─── INFORMATION PROVIDED ───

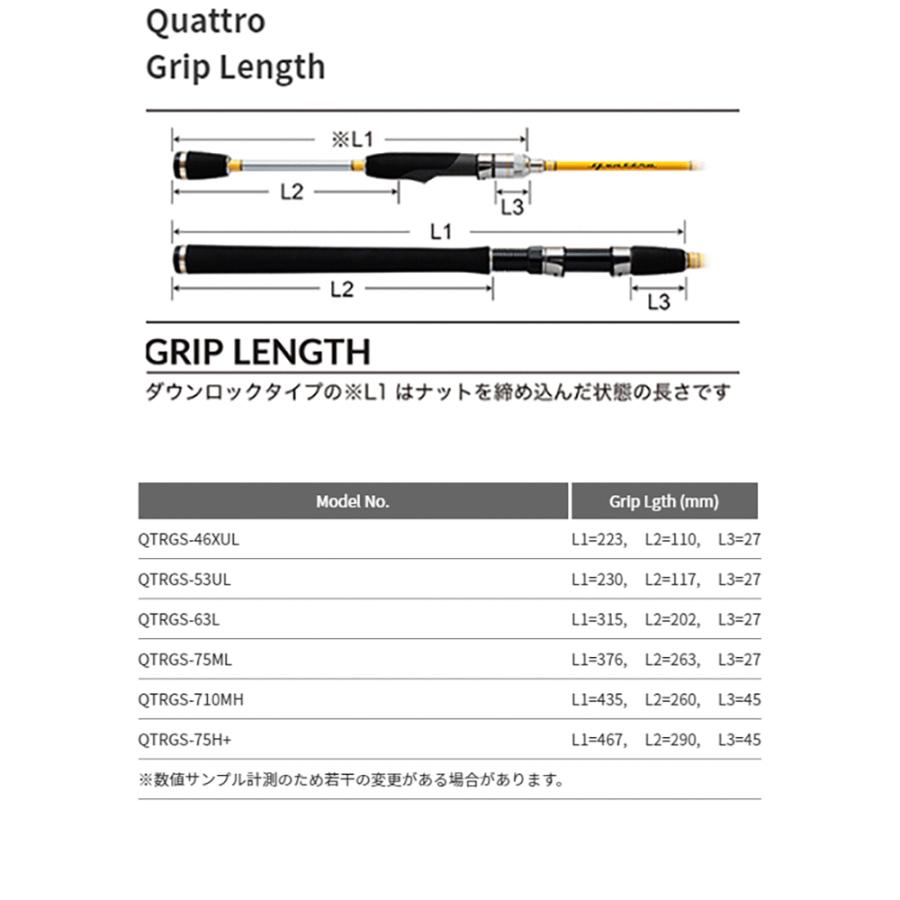 PALMS パームス クワトロ QTRGS-53UL スピニング 4ピース PALMS パームス クワトロ QTRGS-53UL スピニング 4ピース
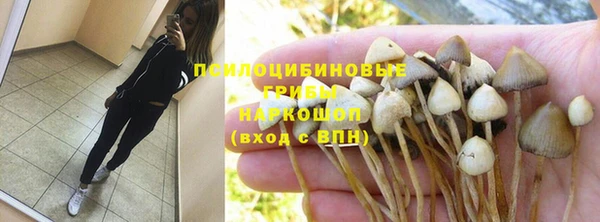 дистиллят марихуана Аркадак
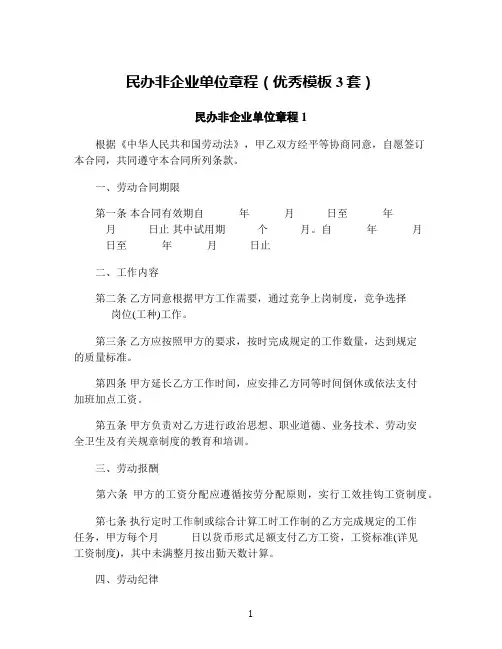 民办非企业单位章程(优秀模板3套)
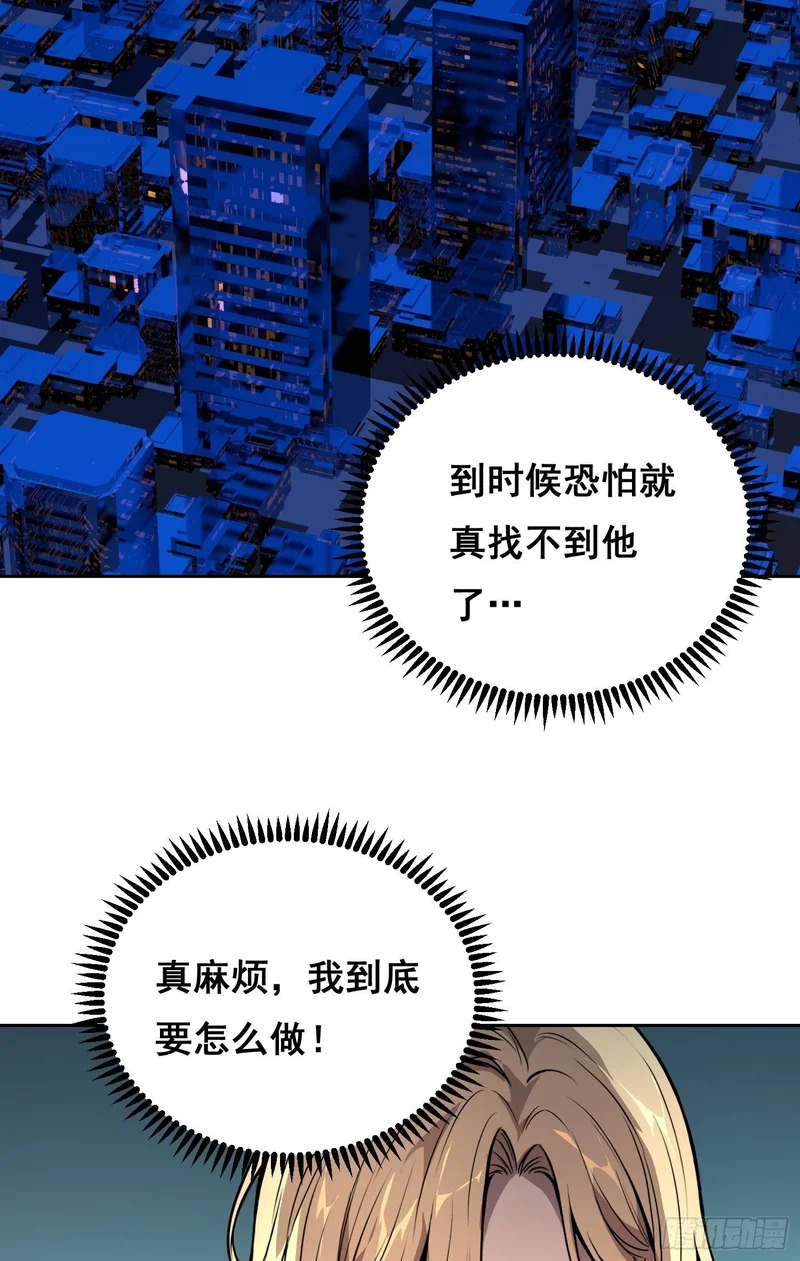 悬赏 （下） 第9页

───

» **TASK TO CARRY OUT**: Please give back every line above exactly as it stands, without pictures.

» **RESULT FOR THIS EXERCISE**:
 PALMS パームス クワトロ QTRGS-53UL スピニング 4ピース PALMS パームス クワトロ QTRGS-53UL スピニング 4ピース
 дистиллят марихуана Аркадак
 民办非企业单位章程(优秀模板3套)
 悬赏 （下） 第9页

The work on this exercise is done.